La météo est rouillée: on a eu l‘été en mars et voilà les bruines d’avril en plein juillet. En tout cas, voir au jour le jour le boulier des heures décroître n’arrange rien à l’affaire.
Ce n’est donc pas un temps de vacances. Ce qui ne nous empêche pas d’être (grosso modo) vacant, ni d’avoir éventuellement piscine dans les jours à venir. Profitons de ce break masqué avant que le monde qui a changé ne se déplace encore quelques vertèbres (pardon à Julien Doré de pasticher son dernier refrain).
Après avoir appris le passé simple et le futur pas encore compliqué, l’école de mon enfance sonnait autrement qu’une cloche de récréation. On disait «grandes vacances» et c’était le Pérou, sans le Machu Picchu. Il y avait les arbres à marauder, les ombelles à faire des sarbacanes, les grains de blé à cuire pour la pêche au gardon, les mares à grenouilles, les glaces à l’eau à sucer même sans pouvoir regarder de bateaux (pardon Michel Jonasz, j’ai dû grandir avant d’apercevoir le bord de mer). Il y avait aussi le droit du coucher différé et celui du lever prolongé.
En fait, il n’y avait pas de valises. Ou rarement. Remarquez, c’est toujours dans les valises que le meilleur se situe, dans les préparatifs – retrouver ses lunettes de soleil, caler la crème indice 50, une lampe de poche pour l’aventure et des tongs pour le sable entre les bouquins qu’on ne lira pas et la «petite laine», «au cas où». Oui, tout est dans la fièvre que le seul mot «départ» fait grimper, avant même d’arriver sur le quai de la gare – oui, j’ai une tendresse pour les trains –, et bien avant de mettre les pieds dans la carte postale que les valises ont fait naître dans nos têtes.
Le train, il est souvent de nuit dans mes souvenirs, avec l’odeur de naphtaline dans les couchettes, le grincement des wagons dans les tunnels, le défilé des paysages en pointillé, comme des mirages à l’allure de lucioles – c’est comme ça que je suis descendue, la première fois, il y a 40 ans, à Avignon (si on ne dit pas «en Avignon» mais «à», il n’en reste pas moins que venant du nord, on y descend). C’était le festival des affiches, des comédiens bavards, du public envahissant. Mais les tréteaux sont vides, les cigales désoeuvrées – pour peu, on entendrait siffler Ennio Morricone. C’est ça aussi 2020.

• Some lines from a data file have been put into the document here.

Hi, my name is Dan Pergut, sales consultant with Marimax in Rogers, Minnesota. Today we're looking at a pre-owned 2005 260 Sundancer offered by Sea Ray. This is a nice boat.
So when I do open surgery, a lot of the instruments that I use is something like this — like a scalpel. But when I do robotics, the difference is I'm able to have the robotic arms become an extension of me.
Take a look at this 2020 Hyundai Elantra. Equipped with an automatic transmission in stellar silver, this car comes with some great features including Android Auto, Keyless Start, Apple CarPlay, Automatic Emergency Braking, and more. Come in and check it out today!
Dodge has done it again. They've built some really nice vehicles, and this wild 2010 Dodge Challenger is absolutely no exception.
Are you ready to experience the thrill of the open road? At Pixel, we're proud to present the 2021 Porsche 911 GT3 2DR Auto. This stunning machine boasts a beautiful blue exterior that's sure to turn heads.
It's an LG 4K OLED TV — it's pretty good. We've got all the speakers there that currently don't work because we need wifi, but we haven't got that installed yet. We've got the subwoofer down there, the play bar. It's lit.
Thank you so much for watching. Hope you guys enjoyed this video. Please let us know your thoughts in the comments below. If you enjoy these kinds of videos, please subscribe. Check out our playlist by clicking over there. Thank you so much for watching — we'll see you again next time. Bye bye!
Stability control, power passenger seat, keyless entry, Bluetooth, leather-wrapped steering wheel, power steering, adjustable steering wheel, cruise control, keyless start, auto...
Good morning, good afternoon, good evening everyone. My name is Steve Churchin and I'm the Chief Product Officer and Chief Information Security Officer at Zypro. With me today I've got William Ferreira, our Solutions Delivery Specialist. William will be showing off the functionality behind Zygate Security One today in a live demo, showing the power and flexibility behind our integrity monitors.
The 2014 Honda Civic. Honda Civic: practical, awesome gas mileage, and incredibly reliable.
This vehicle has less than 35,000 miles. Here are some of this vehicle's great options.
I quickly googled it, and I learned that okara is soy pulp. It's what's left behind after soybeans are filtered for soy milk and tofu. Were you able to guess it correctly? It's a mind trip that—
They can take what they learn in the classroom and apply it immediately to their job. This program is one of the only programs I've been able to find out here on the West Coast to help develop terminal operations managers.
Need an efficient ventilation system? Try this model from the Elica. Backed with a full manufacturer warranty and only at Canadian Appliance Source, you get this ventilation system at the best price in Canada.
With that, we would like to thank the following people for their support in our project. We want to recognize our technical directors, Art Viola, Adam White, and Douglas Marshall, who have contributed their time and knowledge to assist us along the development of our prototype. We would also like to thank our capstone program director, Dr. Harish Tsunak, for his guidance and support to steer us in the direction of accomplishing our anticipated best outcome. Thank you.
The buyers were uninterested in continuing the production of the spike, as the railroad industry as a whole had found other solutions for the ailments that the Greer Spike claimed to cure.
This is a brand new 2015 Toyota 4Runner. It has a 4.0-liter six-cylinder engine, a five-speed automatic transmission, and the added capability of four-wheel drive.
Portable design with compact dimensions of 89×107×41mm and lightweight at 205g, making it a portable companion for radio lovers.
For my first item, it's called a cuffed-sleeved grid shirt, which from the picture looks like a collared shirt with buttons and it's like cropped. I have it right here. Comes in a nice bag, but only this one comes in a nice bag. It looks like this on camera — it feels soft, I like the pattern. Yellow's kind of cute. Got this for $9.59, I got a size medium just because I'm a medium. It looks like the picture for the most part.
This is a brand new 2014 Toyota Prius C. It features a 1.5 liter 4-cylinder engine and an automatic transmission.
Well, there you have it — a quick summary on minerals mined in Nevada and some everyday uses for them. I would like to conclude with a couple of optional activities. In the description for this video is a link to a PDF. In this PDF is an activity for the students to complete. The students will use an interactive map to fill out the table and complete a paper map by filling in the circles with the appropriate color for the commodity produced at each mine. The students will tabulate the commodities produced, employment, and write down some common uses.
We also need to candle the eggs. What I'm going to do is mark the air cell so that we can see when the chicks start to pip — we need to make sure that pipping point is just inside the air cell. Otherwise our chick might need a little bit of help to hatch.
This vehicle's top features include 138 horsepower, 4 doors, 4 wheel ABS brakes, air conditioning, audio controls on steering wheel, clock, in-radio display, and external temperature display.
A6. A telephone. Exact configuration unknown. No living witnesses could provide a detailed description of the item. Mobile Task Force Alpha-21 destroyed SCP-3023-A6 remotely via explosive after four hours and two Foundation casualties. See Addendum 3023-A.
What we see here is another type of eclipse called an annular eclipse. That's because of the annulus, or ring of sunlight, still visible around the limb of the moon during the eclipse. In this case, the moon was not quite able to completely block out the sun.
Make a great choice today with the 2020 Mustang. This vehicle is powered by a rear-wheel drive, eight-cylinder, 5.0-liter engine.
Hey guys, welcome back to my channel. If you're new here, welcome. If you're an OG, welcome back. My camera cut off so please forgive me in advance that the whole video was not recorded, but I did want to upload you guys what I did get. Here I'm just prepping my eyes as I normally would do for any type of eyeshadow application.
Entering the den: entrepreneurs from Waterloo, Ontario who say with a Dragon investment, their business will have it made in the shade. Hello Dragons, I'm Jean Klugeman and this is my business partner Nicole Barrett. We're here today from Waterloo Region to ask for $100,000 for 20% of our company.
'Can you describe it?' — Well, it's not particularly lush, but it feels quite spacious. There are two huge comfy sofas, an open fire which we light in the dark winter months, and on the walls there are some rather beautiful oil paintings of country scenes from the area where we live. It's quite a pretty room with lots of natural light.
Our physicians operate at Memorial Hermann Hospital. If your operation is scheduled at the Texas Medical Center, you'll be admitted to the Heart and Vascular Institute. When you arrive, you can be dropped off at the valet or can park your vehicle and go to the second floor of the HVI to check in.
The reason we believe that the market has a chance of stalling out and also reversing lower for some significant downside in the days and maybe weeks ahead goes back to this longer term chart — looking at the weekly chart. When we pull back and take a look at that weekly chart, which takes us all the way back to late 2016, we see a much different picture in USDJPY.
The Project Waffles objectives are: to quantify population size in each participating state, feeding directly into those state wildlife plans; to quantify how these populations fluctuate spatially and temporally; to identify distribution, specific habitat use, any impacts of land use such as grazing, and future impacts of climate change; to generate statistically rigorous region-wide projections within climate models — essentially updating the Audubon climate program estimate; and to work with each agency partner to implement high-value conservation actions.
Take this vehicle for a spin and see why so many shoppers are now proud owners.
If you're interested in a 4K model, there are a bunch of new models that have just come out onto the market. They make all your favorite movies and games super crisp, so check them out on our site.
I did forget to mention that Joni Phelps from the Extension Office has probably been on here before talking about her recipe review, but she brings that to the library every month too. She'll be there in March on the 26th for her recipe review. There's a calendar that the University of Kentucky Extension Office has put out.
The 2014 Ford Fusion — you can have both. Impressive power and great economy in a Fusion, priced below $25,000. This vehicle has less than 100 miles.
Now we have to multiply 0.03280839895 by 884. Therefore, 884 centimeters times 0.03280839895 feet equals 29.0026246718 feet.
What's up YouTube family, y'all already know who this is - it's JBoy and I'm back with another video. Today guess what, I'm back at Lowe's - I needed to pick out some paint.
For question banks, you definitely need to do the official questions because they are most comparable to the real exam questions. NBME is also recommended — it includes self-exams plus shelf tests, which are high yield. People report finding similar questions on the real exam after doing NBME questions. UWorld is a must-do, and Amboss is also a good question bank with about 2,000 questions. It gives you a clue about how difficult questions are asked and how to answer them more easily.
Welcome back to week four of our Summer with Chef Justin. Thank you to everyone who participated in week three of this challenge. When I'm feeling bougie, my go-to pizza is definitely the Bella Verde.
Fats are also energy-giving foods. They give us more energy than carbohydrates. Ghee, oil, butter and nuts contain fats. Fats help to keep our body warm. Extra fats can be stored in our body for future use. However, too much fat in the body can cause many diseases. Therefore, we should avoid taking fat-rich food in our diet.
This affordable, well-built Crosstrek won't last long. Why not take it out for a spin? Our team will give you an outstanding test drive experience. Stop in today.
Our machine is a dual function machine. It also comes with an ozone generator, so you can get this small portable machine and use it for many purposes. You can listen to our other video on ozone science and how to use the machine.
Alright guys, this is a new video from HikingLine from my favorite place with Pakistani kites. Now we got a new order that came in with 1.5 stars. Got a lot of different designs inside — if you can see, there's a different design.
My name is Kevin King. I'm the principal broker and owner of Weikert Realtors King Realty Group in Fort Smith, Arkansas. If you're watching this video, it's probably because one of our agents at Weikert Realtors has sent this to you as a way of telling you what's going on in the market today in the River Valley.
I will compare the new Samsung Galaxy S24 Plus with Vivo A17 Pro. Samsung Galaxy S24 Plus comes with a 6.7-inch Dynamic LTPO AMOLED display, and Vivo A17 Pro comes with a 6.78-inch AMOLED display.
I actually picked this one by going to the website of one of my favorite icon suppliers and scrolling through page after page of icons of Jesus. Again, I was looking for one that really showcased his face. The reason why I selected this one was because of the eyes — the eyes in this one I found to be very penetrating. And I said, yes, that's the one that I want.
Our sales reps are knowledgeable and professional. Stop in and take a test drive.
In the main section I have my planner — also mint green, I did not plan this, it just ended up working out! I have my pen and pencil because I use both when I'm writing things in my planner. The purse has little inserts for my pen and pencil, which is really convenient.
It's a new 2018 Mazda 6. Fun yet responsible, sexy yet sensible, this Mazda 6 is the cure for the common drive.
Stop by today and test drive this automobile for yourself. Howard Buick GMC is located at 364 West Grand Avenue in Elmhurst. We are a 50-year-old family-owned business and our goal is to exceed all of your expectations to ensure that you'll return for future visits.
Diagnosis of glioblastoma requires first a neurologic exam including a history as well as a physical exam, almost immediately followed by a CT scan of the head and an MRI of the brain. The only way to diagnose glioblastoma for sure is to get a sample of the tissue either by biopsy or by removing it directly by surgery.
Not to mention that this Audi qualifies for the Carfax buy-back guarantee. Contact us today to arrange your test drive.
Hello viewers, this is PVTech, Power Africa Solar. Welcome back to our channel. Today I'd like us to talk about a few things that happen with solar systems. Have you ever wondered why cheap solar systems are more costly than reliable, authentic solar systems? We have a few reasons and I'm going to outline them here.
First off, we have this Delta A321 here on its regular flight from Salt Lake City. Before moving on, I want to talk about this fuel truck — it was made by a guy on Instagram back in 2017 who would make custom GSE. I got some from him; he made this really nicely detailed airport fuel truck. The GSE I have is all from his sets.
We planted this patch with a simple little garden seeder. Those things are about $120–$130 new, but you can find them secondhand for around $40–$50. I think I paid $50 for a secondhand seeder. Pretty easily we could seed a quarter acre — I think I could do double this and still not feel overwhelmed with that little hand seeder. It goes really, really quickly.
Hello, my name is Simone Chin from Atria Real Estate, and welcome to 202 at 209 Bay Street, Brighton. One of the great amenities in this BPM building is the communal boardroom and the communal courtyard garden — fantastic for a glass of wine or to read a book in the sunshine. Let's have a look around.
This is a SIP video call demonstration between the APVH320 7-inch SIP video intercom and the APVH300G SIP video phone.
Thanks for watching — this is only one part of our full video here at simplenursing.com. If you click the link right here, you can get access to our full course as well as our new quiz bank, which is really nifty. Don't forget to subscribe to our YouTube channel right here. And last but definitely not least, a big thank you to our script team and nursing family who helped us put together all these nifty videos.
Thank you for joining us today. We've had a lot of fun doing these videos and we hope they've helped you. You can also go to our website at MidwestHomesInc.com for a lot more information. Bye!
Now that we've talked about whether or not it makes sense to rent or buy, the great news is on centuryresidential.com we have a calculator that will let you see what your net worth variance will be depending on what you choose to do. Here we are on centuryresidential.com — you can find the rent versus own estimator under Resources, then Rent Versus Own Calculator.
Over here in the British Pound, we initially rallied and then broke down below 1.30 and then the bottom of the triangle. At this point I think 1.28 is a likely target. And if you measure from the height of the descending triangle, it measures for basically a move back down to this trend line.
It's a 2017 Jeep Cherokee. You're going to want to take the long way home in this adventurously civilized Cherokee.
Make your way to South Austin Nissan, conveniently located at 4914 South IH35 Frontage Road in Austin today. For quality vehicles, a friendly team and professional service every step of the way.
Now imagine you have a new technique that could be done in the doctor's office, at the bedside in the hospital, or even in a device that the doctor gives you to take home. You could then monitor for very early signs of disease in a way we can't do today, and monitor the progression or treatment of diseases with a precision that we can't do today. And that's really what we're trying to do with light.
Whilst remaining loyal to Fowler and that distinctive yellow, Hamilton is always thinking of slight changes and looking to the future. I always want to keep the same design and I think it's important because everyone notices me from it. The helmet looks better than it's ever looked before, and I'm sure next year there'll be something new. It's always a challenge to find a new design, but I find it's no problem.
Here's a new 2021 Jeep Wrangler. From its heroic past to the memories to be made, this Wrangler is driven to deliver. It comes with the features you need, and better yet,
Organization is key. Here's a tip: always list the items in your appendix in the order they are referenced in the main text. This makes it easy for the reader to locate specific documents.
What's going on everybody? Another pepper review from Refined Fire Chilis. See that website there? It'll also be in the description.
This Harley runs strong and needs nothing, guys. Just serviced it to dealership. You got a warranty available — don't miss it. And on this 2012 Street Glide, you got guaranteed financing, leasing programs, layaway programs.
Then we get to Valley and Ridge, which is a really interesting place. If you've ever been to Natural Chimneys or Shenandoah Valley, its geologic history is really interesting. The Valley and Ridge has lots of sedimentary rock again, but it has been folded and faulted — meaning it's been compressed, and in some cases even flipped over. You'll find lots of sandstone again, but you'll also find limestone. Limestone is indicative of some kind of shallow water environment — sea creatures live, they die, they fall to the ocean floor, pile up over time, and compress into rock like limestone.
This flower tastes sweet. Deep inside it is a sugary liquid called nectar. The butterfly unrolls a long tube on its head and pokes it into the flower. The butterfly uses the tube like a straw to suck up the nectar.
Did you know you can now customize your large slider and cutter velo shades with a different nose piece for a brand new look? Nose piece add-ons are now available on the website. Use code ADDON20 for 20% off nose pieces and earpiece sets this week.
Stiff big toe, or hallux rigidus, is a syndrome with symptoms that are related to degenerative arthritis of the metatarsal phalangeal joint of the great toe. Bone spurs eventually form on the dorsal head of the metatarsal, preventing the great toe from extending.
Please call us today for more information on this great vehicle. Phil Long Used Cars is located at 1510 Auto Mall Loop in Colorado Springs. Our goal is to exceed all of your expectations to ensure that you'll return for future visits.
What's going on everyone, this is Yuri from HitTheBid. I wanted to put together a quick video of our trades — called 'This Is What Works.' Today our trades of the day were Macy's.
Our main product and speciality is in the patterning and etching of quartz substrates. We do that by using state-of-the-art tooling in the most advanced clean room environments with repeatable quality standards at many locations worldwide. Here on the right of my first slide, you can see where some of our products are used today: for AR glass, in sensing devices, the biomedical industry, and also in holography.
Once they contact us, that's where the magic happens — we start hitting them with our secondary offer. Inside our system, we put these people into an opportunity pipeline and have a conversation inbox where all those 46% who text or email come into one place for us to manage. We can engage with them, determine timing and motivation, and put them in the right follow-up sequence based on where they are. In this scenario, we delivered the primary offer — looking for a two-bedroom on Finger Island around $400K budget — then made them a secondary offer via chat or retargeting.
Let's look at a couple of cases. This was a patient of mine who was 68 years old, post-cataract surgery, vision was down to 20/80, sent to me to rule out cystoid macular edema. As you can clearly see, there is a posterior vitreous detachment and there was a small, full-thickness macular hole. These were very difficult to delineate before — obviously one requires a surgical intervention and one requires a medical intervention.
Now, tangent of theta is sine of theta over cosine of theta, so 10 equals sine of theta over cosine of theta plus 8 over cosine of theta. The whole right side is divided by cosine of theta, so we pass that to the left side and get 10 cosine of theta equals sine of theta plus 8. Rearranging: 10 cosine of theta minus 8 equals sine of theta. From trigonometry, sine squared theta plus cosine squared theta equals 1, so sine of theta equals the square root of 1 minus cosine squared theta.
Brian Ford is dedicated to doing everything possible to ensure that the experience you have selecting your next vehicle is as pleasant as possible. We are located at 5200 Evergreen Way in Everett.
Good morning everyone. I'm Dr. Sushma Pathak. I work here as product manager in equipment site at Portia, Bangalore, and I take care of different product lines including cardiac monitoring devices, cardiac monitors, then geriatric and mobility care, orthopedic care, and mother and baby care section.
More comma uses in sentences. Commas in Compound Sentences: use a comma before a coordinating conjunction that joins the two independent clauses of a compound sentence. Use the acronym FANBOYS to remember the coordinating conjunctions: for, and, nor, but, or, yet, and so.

Nous, c’est en voiture que l’on partait. En vrai, on ne partait pas vraiment, on s’évadait. Une fois la porte de la rue des usines fermée à clé, une fois le chien, le chat et le canari embarqués, on empruntait la nationale 4 – avec deux escales, histoire de tromper la lenteur du trajet – pour rejoindre la maison devenue «de famille», cette vieillie bâtisse brabançonne retapée par mon horloger de grand-père, d’ailleurs aussi massif qu’une Comtoise. C’est là, dans l’herbe, que ma mère étendait son linge. Deux mois durant.
Ma mère y vit toujours. Quand elle entend le clocher de la vallée sonner 7 heures (19h), elle dit juste «c’est l’heure» – c’était celle où mon grand-père rangeait truelle et pinceau, son ouvrage du jour. Et quand elle s’inquiète ne plus accéder à son grenier, que jadis elle briquait comme un sou neuf, elle dit juste «je me demande comment va la poussière?».
Sinon, on bavarde, parfois on laisse les silences planer … quand l’air est à ce point doux qu’il vaut mieux lui laisser le dernier mot. C’est pas un voyage, mais, pour peu, on dirait.